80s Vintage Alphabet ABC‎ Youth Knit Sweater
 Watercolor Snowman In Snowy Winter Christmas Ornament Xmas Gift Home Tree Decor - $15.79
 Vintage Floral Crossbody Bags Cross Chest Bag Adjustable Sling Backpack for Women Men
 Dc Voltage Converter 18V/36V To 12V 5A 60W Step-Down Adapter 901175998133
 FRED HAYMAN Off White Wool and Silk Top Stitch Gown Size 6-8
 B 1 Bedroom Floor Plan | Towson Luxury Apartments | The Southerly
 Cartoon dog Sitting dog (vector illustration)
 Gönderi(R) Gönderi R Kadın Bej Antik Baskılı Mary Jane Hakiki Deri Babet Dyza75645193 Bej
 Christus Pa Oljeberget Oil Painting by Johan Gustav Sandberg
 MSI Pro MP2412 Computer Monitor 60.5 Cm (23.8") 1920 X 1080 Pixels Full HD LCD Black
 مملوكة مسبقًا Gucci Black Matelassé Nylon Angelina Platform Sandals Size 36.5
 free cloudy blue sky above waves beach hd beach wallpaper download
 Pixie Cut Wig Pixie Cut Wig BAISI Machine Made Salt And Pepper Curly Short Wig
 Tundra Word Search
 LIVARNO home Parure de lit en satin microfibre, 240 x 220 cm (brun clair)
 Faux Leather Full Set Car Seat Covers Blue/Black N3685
++++++++++++++++++++
◆ Exercise: Quote every line of the data, word for word.

◆ Solution to this exercise:
80s Vintage Alphabet ABC‎ Youth Knit Sweater
 Watercolor Snowman In Snowy Winter Christmas Ornament Xmas Gift Home Tree Decor - $15.79
 Vintage Floral Crossbody Bags Cross Chest Bag Adjustable Sling Backpack for Women Men
 Dc Voltage Converter 18V/36V To 12V 5A 60W Step-Down Adapter 901175998133
 FRED HAYMAN Off White Wool and Silk Top Stitch Gown Size 6-8
 B 1 Bedroom Floor Plan | Towson Luxury Apartments | The Southerly
 Cartoon dog Sitting dog (vector illustration)
 Gönderi(R) Gönderi R Kadın Bej Antik Baskılı Mary Jane Hakiki Deri Babet Dyza75645193 Bej
 Christus Pa Oljeberget Oil Painting by Johan Gustav Sandberg
 MSI Pro MP2412 Computer Monitor 60.5 Cm (23.8") 1920 X 1080 Pixels Full HD LCD Black
 مملوكة مسبقًا Gucci Black Matelassé Nylon Angelina Platform Sandals Size 36.5
 free cloudy blue sky above waves beach hd beach wallpaper download
 Pixie Cut Wig Pixie Cut Wig BAISI Machine Made Salt And Pepper Curly Short Wig
 Tundra Word Search
 LIVARNO home Parure de lit en satin microfibre, 240 x 220 cm (brun clair)
 Faux Leather Full Set Car Seat Covers Blue/Black N3685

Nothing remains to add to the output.